A family at war is the starting point for Richard Jones's dazzling production of Handel's Rodelinda at English National Opera. I've already waxed indecently lyrical about it for The Arts Desk, but this is the opportunity to use some more of Clive Barda's fine photos of the pre-dress (I hope to go again before the short run ends). Jones deals well with Handel's slow kindle in Act One - like most Handel first acts, low on inspiration - but rises to match the greatness in the duet at the end of the Second Act, which like the staging of a third-act lament is one of the most startling things I've ever witnessed in the theatre. This gives you some idea of the ultimate tableau, John Mark Ainsley's vacillating mobster standing statue-like between the separated husband and wife.


Rebecca Evans is Iestyn Davies' equal for vocal beauty and prowess: what a transformation into an Anna Magnani strong woman.

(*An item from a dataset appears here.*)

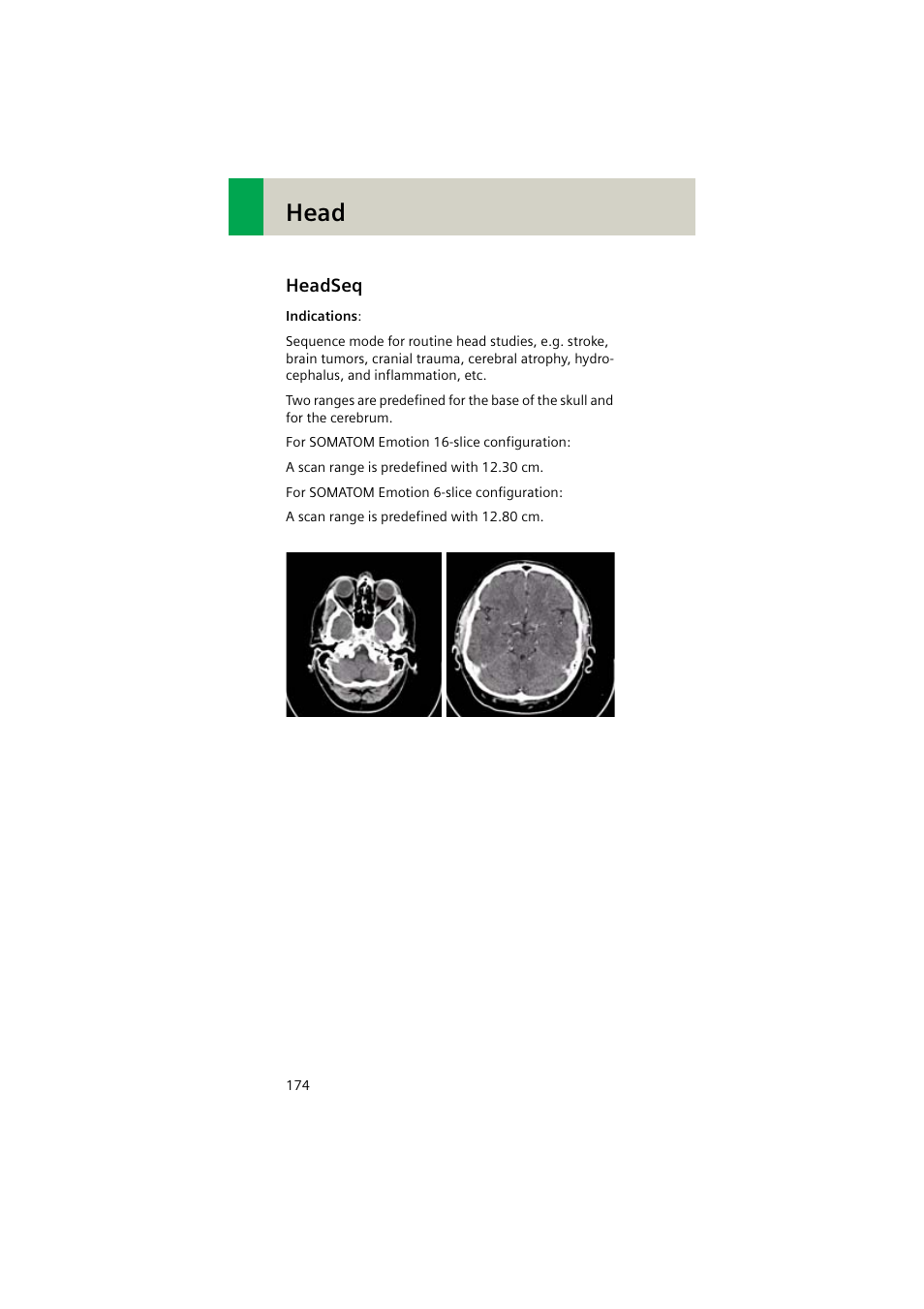 Headseq, Headseq 174, Head | Siemens EMOTION 16-Jun User Manual | Page 174 / 590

Barda's money shot, IMO, is the one I used to lead the TAD review, but this is a good one. Christopher Ainslie as a long-suffering servant is to the left, the charismatic and attractive young actor Matt Casey as her son to the right. Love the hands (some, like my erstwhile Arts Desk colleague Igor Toronyi-Lalic, did not).


Here's the bar where the soda waters flow, Iestyn Davies centre with Ainslie left and Sue Bickley right.


And a hint of the berserk - which is to be a topic here soon in an American context - as Ainsley's capo tries every which way to despatch his enemy.


It's funnier than it looks. Some reviews thought Jones's concept too jokey, some too dark. I reckon the genius lies in the risk-taking flip between one and the other. It's neither more nor less than Handel's fitfully inspired score deserves. But go and see it, do.

Meanwhile, there's also a certain comedy amidst the horror to the Russian abuse of language in the present standoff: Putin is the defender of the Russians against the 'fascists' - a fair number of those on both sides, though probably Russia scores rather higher than Ukraine - and 'anti-semites'. He represents 'humanitarian values' and human rights. Ponyatno/Yeah, right. And of course there are no Russian troops in the Crimea, even though a BBC World Service reporter had confirmation from a young soldier that he was officially representing his country, and personally didn't think it was right. How Lavrov will worm out of this, how it will all be resolved, makes the mind boggle and the soul despair.